Data provided:
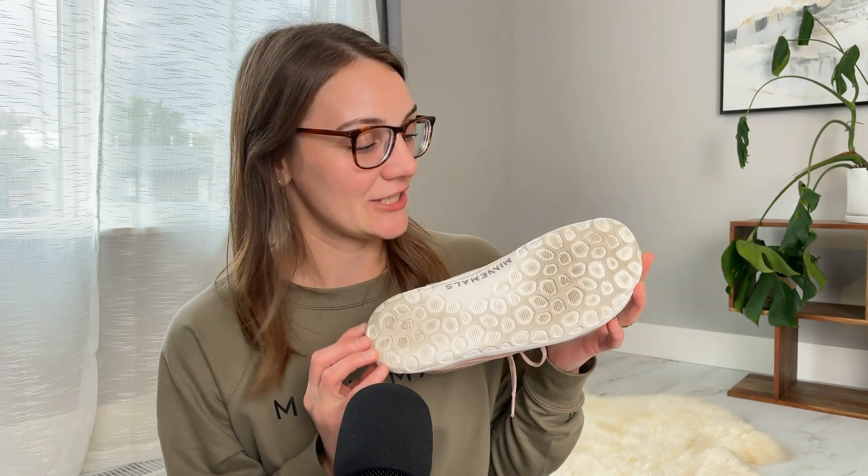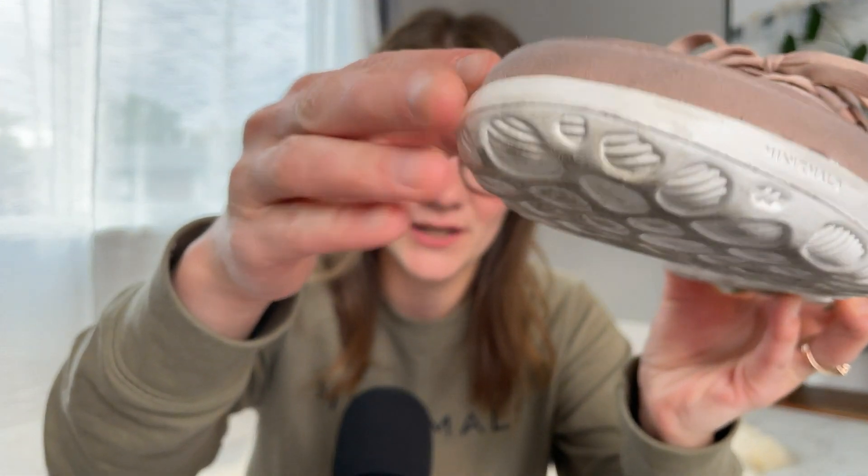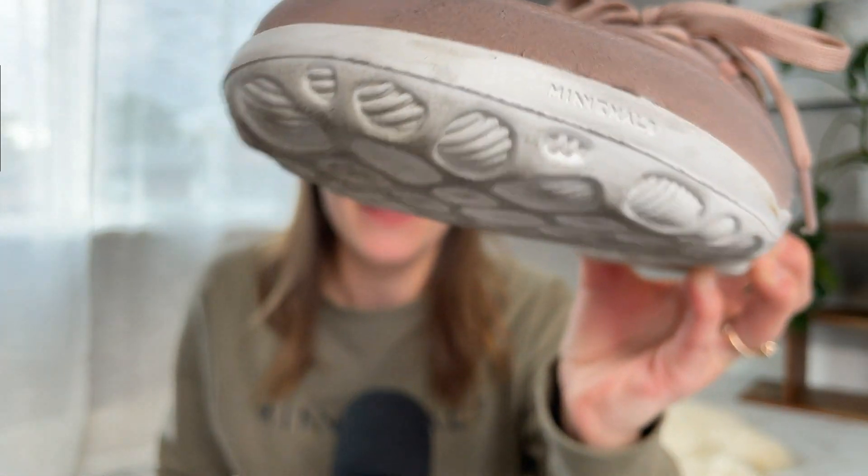The tread is decent — I wore it on slippery grass and dirt and didn't have a problem. The ground feel is excellent. You can see the Minimals branding on the instep as well as on the outside of the front toe. When you step into these, you're going to feel the incredibly soft interior, which was so nice. You can also take out the insole — I believe it's three millimeters — to edit the feel. I didn't end up taking them out, which I normally do in my shoes, so that says something. You still have excellent ground feel with the removable insole inside.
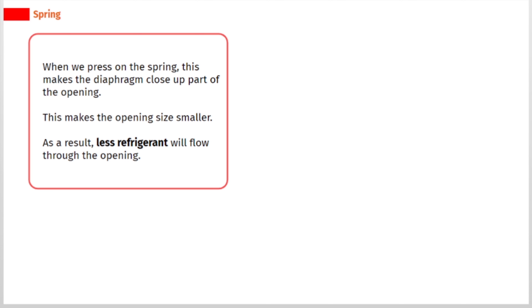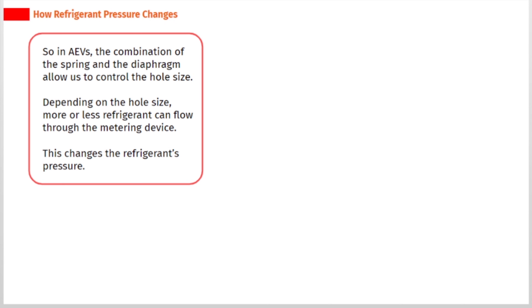When we press on the spring, this makes the diaphragm close up part of the opening, making the opening size smaller. As a result, less refrigerant will flow through the opening. So in AEVs, the combination of the spring and the diaphragm allows us to control the hole size.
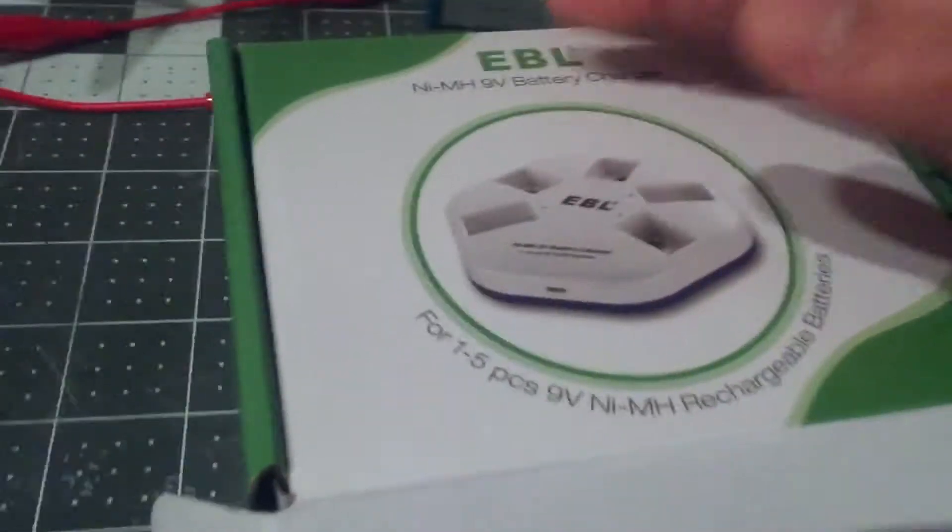Hey guys, in this video I'm just gonna be testing out a new thing I got for the drone. It's a really quick video, let's just get into it. Okay guys, so I just got this in the mail.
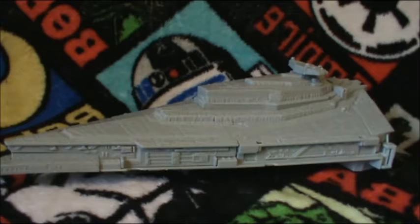Hello everyone and welcome back to another Star Wars action figure review. Fortunately, this is not an action figure. This is the Star Wars The Force Awakens Micro Machines Star Destroyer playset.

The task: Within the listing above, write out the stretch from the line with "When we press" through the line with "Hey guys, in" exactly. Any pictures are to be left out.

Exercise response:
When we press on the spring, this makes the diaphragm close up part of the opening, making the opening size smaller. As a result, less refrigerant will flow through the opening. So in AEVs, the combination of the spring and the diaphragm allows us to control the hole size.
Hey guys, in this video I'm just gonna be testing out a new thing I got for the drone. It's a really quick video, let's just get into it. Okay guys, so I just got this in the mail.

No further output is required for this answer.